Although hopes are high that the Scottish Government will next week indicate when events may be able to resume, any return to normality is likely to be a long way off.
Newton admits: “I am wary of the responsibility in bringing people together again. The thought that people could fall ill attending a gig I am involved in scares me.
"I’m focusing on writing and recording new projects. I'm excited to get into a studio and create with others again. I have some summer festival gigs and I’m hopeful for those. My first actual tour isn't until October and then the diary is pretty packed, but who knows?
"I’m trying to adapt to a much less predictable future. It's exhausting to try and predict what will happen, so I'm taking it all as it comes and appreciating every second I get to make music with and for others again."
Nelson is far from optimistic, saying: “I think we will be one of the last sectors to come out of lockdown and I don’t think we will ever return to the ways things used to be.
"Sadly, a huge number of venues have struggled financially and haven't been supported by the government. A lot of these will never open again. The uncertainty and cautiousness about a way out of this doesn’t help.
“It’s a shame because the audience demand, I believe, will be huge. The appetite for comedy is even greater than before.

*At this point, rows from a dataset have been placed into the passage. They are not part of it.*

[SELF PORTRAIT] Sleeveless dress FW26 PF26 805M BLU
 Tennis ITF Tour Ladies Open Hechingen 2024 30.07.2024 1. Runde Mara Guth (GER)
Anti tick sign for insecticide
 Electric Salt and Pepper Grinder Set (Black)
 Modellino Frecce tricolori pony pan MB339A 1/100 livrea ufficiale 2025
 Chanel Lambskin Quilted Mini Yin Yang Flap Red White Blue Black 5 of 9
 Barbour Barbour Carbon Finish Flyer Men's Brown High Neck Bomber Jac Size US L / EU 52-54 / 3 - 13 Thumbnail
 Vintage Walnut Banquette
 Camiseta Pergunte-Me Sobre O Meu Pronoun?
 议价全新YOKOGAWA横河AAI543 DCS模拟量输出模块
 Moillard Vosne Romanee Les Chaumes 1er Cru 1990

I just hope the government allow us to get back to work.”
Like most performers, cultural commentator Pat Kane, singer with Hue and Cry, admits he has not idea what the future is likely to hold.
He says: “It all depends on whether we manage to suppress the virus, or we’re in a cycle of lockdown/open up, as nature tries to get us.
“If the former, there’ll be a relieved outburst of socialising and we’ll have more live work than we can deal with.
“But if the latter, then I think we’ll have to intensify the experience of beaming live into people’s living rooms.
“The livestream can be intimate and friendly—but it will be weird for the balance to be tipped this way.
"I hope, either way, there is an increased commitment from both bands and fans to much greener lifestyles. It’s the only way to fix the problem at source.”
Jackson is upbeat about the prospects of a return to performing live this year.
She says: "I think things will be back to normal-ish soon. The Covid numbers are going down and the vaccine numbers are going up so it’s all looking pretty hopeful.
“I’m seriously excited to be on a stage with hundreds of people packed into a room again.”